> _THE DATA_:
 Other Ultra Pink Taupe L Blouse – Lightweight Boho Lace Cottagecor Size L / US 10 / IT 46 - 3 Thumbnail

--

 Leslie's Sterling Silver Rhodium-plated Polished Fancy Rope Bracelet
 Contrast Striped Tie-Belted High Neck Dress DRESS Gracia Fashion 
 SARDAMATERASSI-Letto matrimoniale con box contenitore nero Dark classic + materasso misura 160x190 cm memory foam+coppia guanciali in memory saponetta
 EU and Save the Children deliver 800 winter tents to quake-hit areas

> _YOUR ASSIGNMENT_: Copy out, word for word, the part of the entries above that begins at the line with "SARDAMATERASSI-Letto matrimoniale con" and ends at the line with "EU and Save", including both.

> _ANSWER SPACE_:
 SARDAMATERASSI-Letto matrimoniale con box contenitore nero Dark classic + materasso misura 160x190 cm memory foam+coppia guanciali in memory saponetta
 EU and Save the Children deliver 800 winter tents to quake-hit areas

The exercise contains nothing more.